SHOULD the 1969 No. 1 hit record "Two Little Boys", by Rolf
Harris, be banned from the radio? The public reacted with
extraordinary vehemence when that question was raised on a radio
phone-in, after the 84-year-old entertainer was sentenced to nearly
six years. He was found guilty on 12 counts of indecent assault -
some involving a 14-year-old girl - over the past 30 years. Callers
were fiercely divided in their views.
A similar division was evidenced over his paintings. One woman
announced that she would be burning a £50,000 painting that she
owned. Others declared that art had a life of its own, and was
untainted by the behaviour of the artist - the line the authorities
at Westminster Cathedral took when it was revealed that their
Stations of the Cross had been sculpted by Eric Gill, who turned
out to have had had sex with his own children and dog. Some
hard-nosed callers even suggested that Harris's pictures would now
increase in value.
The visceral nature of the debate was underscored when another
TV presenter, Vanessa Feltz, came forward after Mr Harris was
sentenced, to say that the disgraced entertainer had put his hand
up her skirt during a live TV interview in 1996. Her testimony
echoed that of one of the witnesses in the case, who had said that
Mr Harris's behaviour made her feel "dirty, grubby, and
disgusting". Yet Ms Feltz's disclosure was greeted, not with
sympathy, but with a wave of social-media abuse that suggested she
was climbing on a publicity bandwagon. Some comments were very
nasty indeed.
All this high emotion reveals something about modern attitudes
to sex. Roger Scruton, in his book The Soul of the World,
says: "If you describe desire in the terms that have become
fashionable - as the pursuit of pleasurable sensations in the
private parts - then the sphere of sexual relations becomes
entirely demoralised.
"The outrage and pollution of rape then become impossible to
explain. Rape, in this view, is every bit as bad as being spat
upon, but no worse." Rape and sexual assault violate a sense that
sex is something far deeper and more sacred.
But this is about power as much as sex. That is underlined by
the disappearance of documents alleging that a ring of paedophiles
was operating in Westminster political circles in the 1980s. Not
just the central dossier, but as many as 100 other relevant Home
Office files seem to have vanished.
Lord Tebbit, who was a Cabinet minister at the time, has
admitted that the unconscious instinct of top people in those days
was to protect "the system", and not to delve too deeply into
uncomfortable allegations. This abuse of power givesthe lie to the
fashionable fiction the peddled by an organisation called the
Paedophile Information Exchange: that it was all about liberation
for children in the next stage of the sexual revolution.
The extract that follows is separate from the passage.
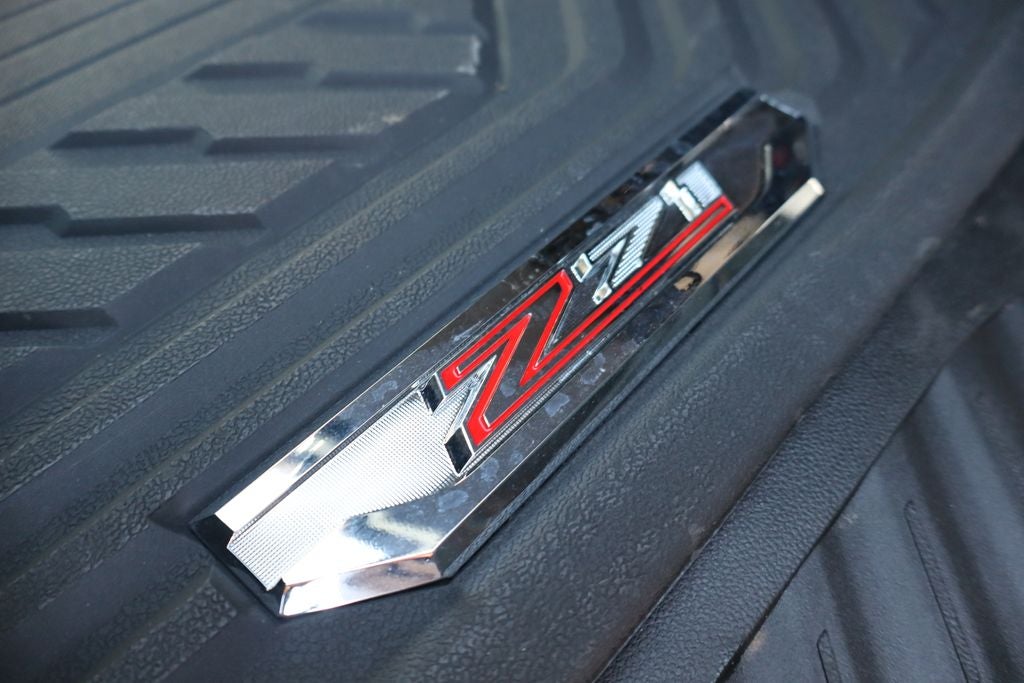 2025 Chevrolet Silverado 1500 Custom Trail Boss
There is irony then, in the fact that Mr Harris's "Two Little
Boys" was a celebration of love between children, albeit of a
nobler, more self-sacrificial kind. Of course, it was mawkish and
sentimental. Mr Harris himself admitted that he thought the 1902
song, written about the American Civil War, was awful, when he
heard an old Australian folk-singer perform it, but added:
"Suddenly, he was singing the line, 'Did you think I would leave
you dying?' and all the hairs stood up on the back of my neck and
arms."
The trouble is that what makes Rolf Harris's hairs stand on end
is not something we want to think about - let alone endorse.